O voyeurismo indigente dos turistas que fazem safári humano na Rocinha. Por Kiko Nogueira

Atualizado em 25 de setembro de 2017 às 16:05
Turistas são impedidos de entrar na Rocinha ocupada pelo Exército

Um grupo de vinte turistas franceses foi à Rocinha levado por um profissional da empresa Favela Tour, especializada no ramo.

Por razões óbvias, não puderam entrar. Ficaram na passarela projetada por Oscar Niemeyer tirando fotos e fazendo selfies.

Segundo o Globo, uma moradora comentou: “É uma sensação estranha! Parece que somos seres de espécie diferente. Nem com um clima desse que estamos vivendo agora os turistas deixam de visitar a Rocinha”.

Esse tipo de “turismo” é comum e rende dinheiro. É um safári humano, que mistura voyeurismo com um grau baixo de idiota e falta de empatia.

Na Colômbia, por exemplo, o passeio para as Islas del Rosario, no Caribe, é atravessado por favelas.

Os barqueiros param próximos a um píer numa delas, de onde meninos magros e pobres dos barracos saltam.

Eles nadam até perto da embarcação e gritam: “Amigo, amigo! Dinheiro, amigo! Money!” O pessoal, rindo, arremessa moedas na água.

Quando os garotos não conseguem pegá-las na superfície, eles, bons mergulhadores, um tanto desesperados, vão em busca delas no fundo.

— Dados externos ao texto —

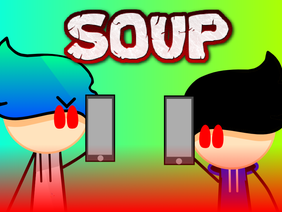 SOUP | #animations #soup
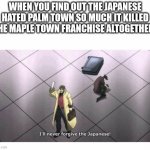 I'll never forgive the Japanese | WHEN YOU FIND OUT THE JAPANESE HATED PALM TOWN SO MUCH IT KILLED THE MAPLE TOWN FRANCHISE ALTOGETHER. | image tagged in i'll never forgive the japanese | made w/ Imgflip meme maker
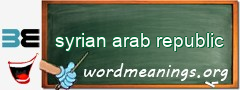 WordMeaning blackboard for syrian arab republic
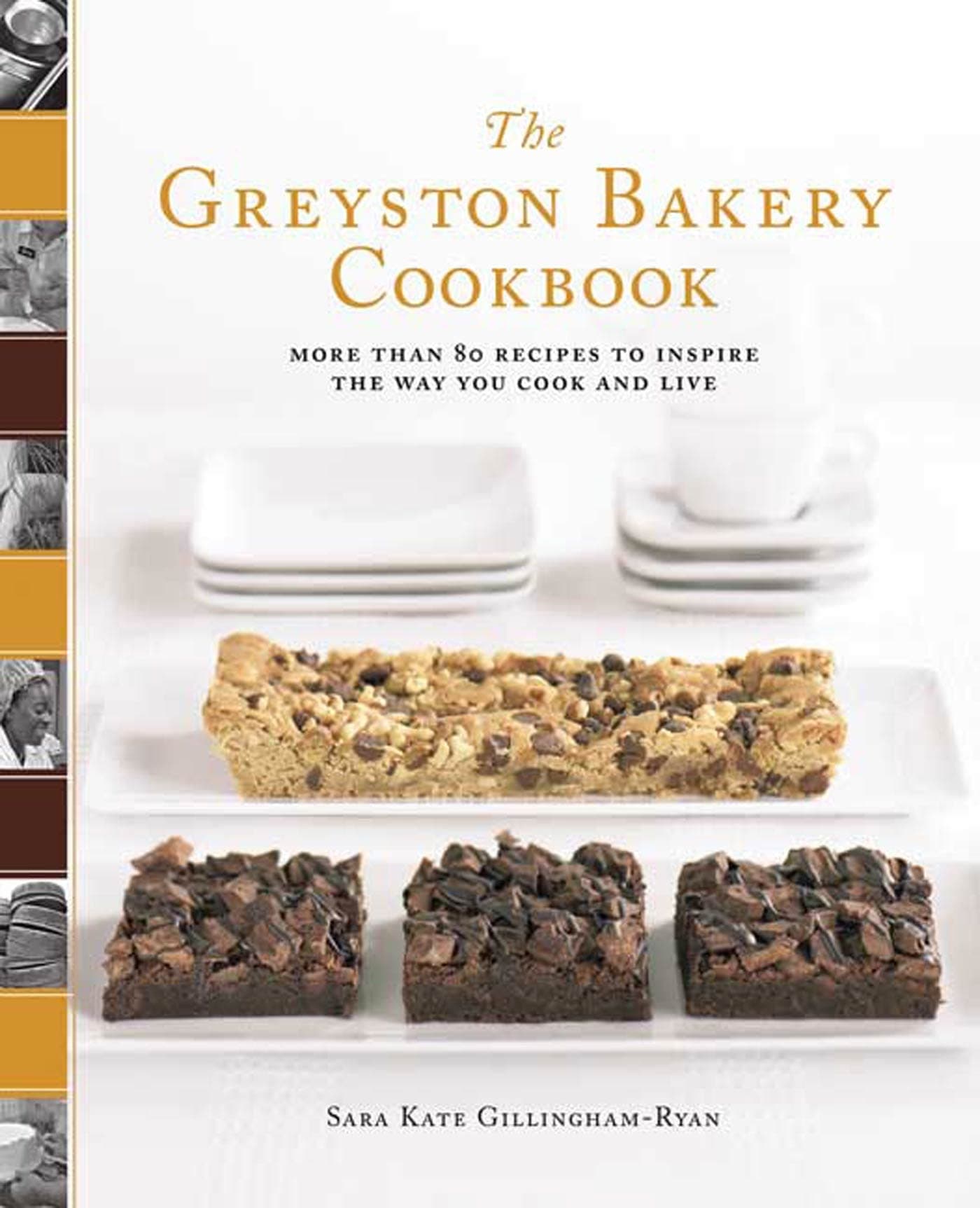 The Greyston Bakery Cookbook: More Than 80 Recipes to Inspire the Way You Cook and Live Hardcover – 17 April 2007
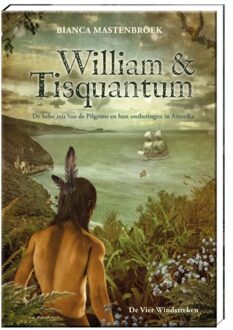 De Vier Windstreken William & Tisquantum.
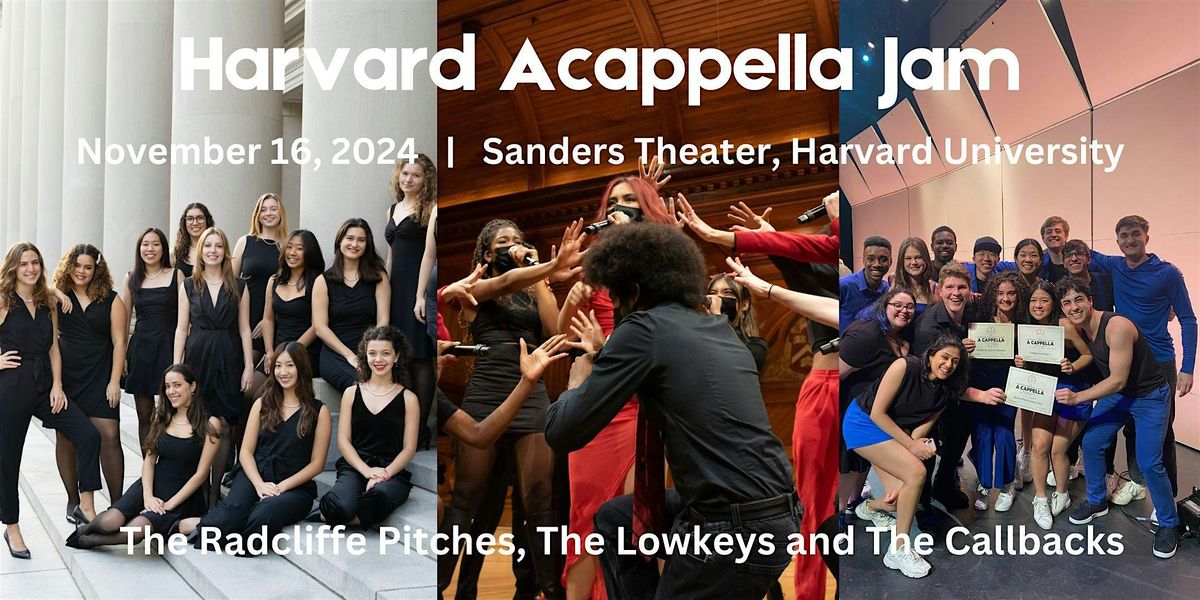 Harvard Acappella Concert - Radcliffe Pitches, Lowkeys, and Callbacks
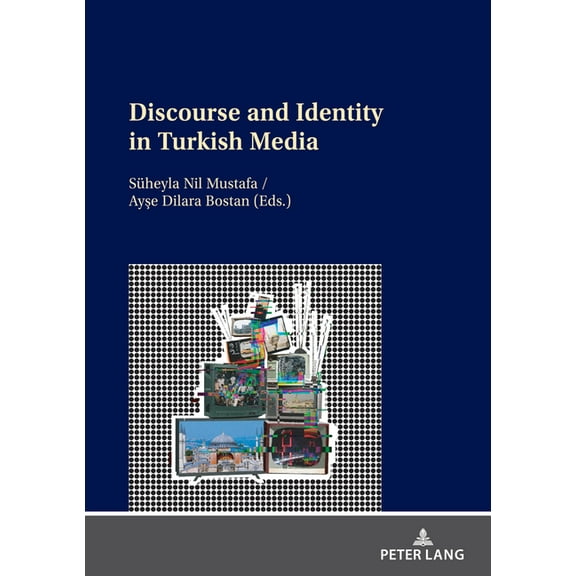 Discourse and Identity in Turkish Media (Paperback)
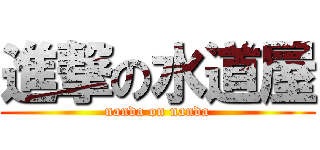 進撃の水道屋 (nanda on nanda)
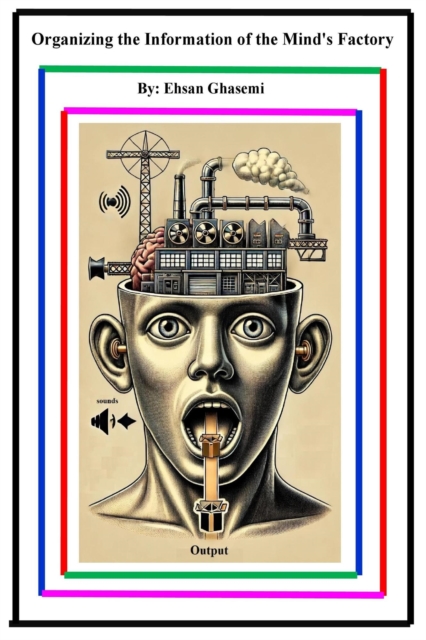 Organizing the Information of the Mind's Factory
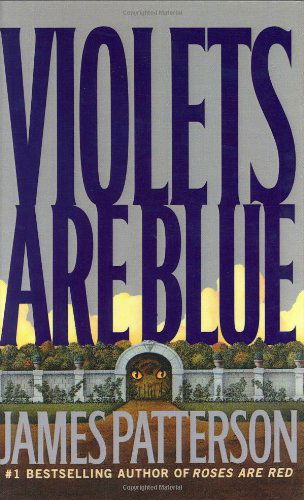 Cover for James Patterson · Violets Are Blue ~ Detective Alex Cross Series (Hardcover Book) [1st edition] (2001)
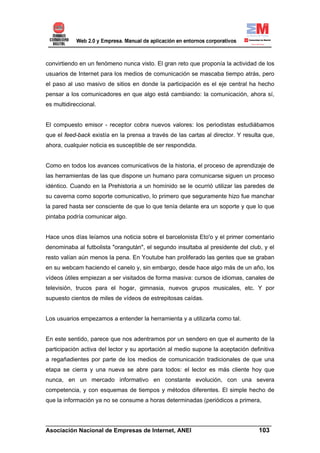 convirtiendo en un fenómeno nunca visto. El gran reto que proponía la actividad de los
usuarios de Internet para los medios de comunicación se mascaba tiempo atrás, pero
el paso al uso masivo de sitios en donde la participación es el eje central ha hecho
pensar a los comunicadores en que algo está cambiando: la comunicación, ahora sí,
es multidireccional.


El compuesto emisor - receptor cobra nuevos valores: los periodistas estudiábamos
que el feed-back existía en la prensa a través de las cartas al director. Y resulta que,
ahora, cualquier noticia es susceptible de ser respondida.


Como en todos los avances comunicativos de la historia, el proceso de aprendizaje de
las herramientas de las que dispone un humano para comunicarse siguen un proceso
idéntico. Cuando en la Prehistoria a un homínido se le ocurrió utilizar las paredes de
su caverna como soporte comunicativo, lo primero que seguramente hizo fue manchar
la pared hasta ser consciente de que lo que tenía delante era un soporte y que lo que
pintaba podría comunicar algo.


Hace unos días leíamos una noticia sobre el barcelonista Eto'o y el primer comentario
denominaba al futbolista "orangután", el segundo insultaba al presidente del club, y el
resto valían aún menos la pena. En Youtube han proliferado las gentes que se graban
en su webcam haciendo el canelo y, sin embargo, desde hace algo más de un año, los
vídeos útiles empiezan a ser visitados de forma masiva: cursos de idiomas, canales de
televisión, trucos para el hogar, gimnasia, nuevos grupos musicales, etc. Y por
supuesto cientos de miles de vídeos de estrepitosas caídas.


Los usuarios empezamos a entender la herramienta y a utilizarla como tal.


En este sentido, parece que nos adentramos por un sendero en que el aumento de la
participación activa del lector y su aportación al medio supone la aceptación definitiva
a regañadientes por parte de los medios de comunicación tradicionales de que una
etapa se cierra y una nueva se abre para todos: el lector es más cliente hoy que
nunca, en un mercado informativo en constante evolución, con una severa
competencia, y con esquemas de tiempos y métodos diferentes. El simple hecho de
que la información ya no se consume a horas determinadas (periódicos a primera,


______________________________________________________________________
Asociación Nacional de Empresas de Internet, ANEI                 103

Lembram os “peixinhos” do imperador Tibério em Capri.

Os turistas, provavelmente, acham que fazem uma boa ação. Ou não acham nada. Se refletissem, veriam que não passa de um show de humilhação.

A Rocinha tem jipes que perfazem um roteiro organizado por gente da “comunidade”. Tudo com a autorização do tráfico. A África do Sul tem tours no meio da miséria do Cape Flats e para o Soweto, em Johannesburgo.

Existem dezenas de agências especializadas em passeios por “comunidades carentes” do Rio.

Ao invés de elefantes e girafas, as pessoas fotografam gente subindo e descendo as vielas, os bares “pitorescos”, ouvem uma batucada, tomam uma cachaça, procuram sexo.

Ao voltar para casa, o sujeito tem uma história para contar sobre como sobreviveu num dos lugares mais perigosos do mundo. Ou acha que, sei lá, fez antropologia e conheceu o “Brasil real”.

Existe um interesse legítimo em usar o turismo para ajudar. O nome que se deu a isso é “volunturismo”. O viajante se engaja em atividades sociais ou ambientais.

O que é bem diferente de assistir de camarote, com uma câmera na mão, num esquema com traficantes, aos miseráveis, atirando-lhes esmolas como se fossem sardinhas para focas, achando que essa é uma contribuição para um mundo mais bacana, ou só mais uma diversão incluída no pacote.